Really nice reviews!


----------



## jmsavage1208 (Dec 14, 2021)

Purchased a WGEN12000DF back in April and it's now December and its still not functional. I have tried numerous times to contact Westinghouse for support with no support.
Very poor customer support, stay away from this company.


----------



## Matt88-8 (Dec 27, 2018)

Captain Q said:


> STPAGE40. *I like this unit, but I was concerned about the THD*. The next more powerful model from Westinghouse has low THD < 5% but is much more expensive.
> 
> It is interesting that they promote the THD as a tremendous benefit of the larger model, yet with this one they make no mention of the THD which I can find from multiple sources.
> 
> ...


Computers, tvs, internet gear, phones etc are not sensitive equipment. Your gen won't hurt them. 
I've heard some modern A/C systems don't like high THD, but never heard of one being damaged. Realistically anything that is sensitive runs off DC current with some sore of converter block built into the device.

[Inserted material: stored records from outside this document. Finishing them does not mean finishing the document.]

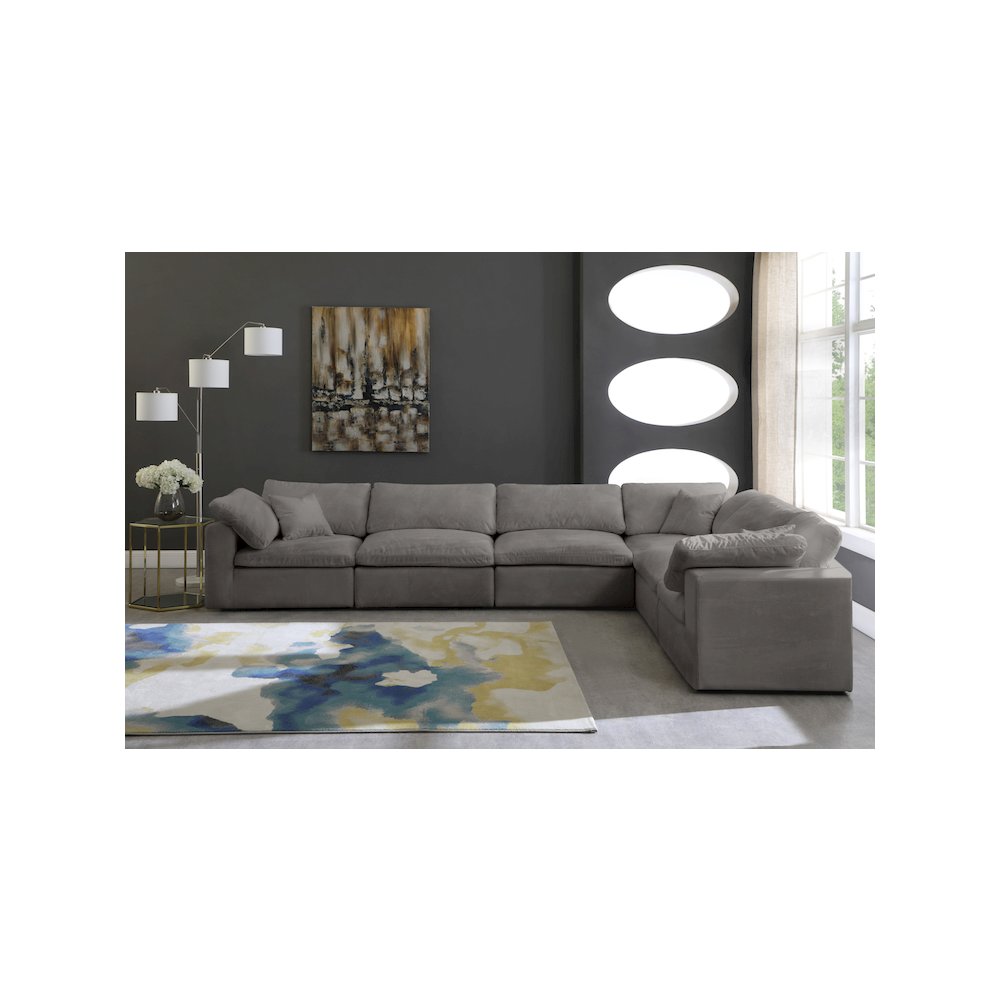 Cozy Grey Velvet Comfort Modular Sectional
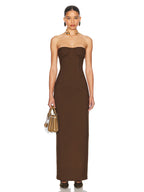 AMBER BROWN STRAPLESS MAXI DRESS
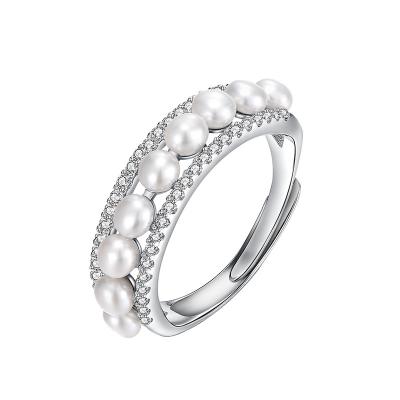 China Classic 925 Sterling Silver Cultured Freshwater Zirconia Stackable Bead Ring for sale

Inverters are great. They are quiet, any fuel efficient. But 99.9% of people who use gensets have no idea how they work. They just plug stuff in and hope it works. And I've never once heard of anything going boom.

Buy what fits your needs and budget.

Sent from my SM-G973W using Tapatalk


----------



## jeb (Feb 16, 2021)

Matt88-8 said:


> Computers, tvs, internet gear, phones etc are not sensitive equipment. Your gen won't hurt them.
> I've heard some modern A/C systems don't like high THD, but never heard of one being damaged. Realistically anything that is sensitive runs off DC current with some sore of converter block built into the device.
> 
> Inverters are great. They are quiet, any fuel efficient. But 99.9% of people who use gensets have no idea how they work. They just plug stuff in and hope it works. And I've never once heard of anything going boom.
> ...


Hey Matt,

You are correct that most switching power supplies are pretty tolerate to a higher than utility power THD. But any AC motors are going to run louder, warmer and less efficient with a higher THD. Also, if you have a UPS front-ending your computers, etc...they typically will cycle on/off and complain with any frequency & voltage drift.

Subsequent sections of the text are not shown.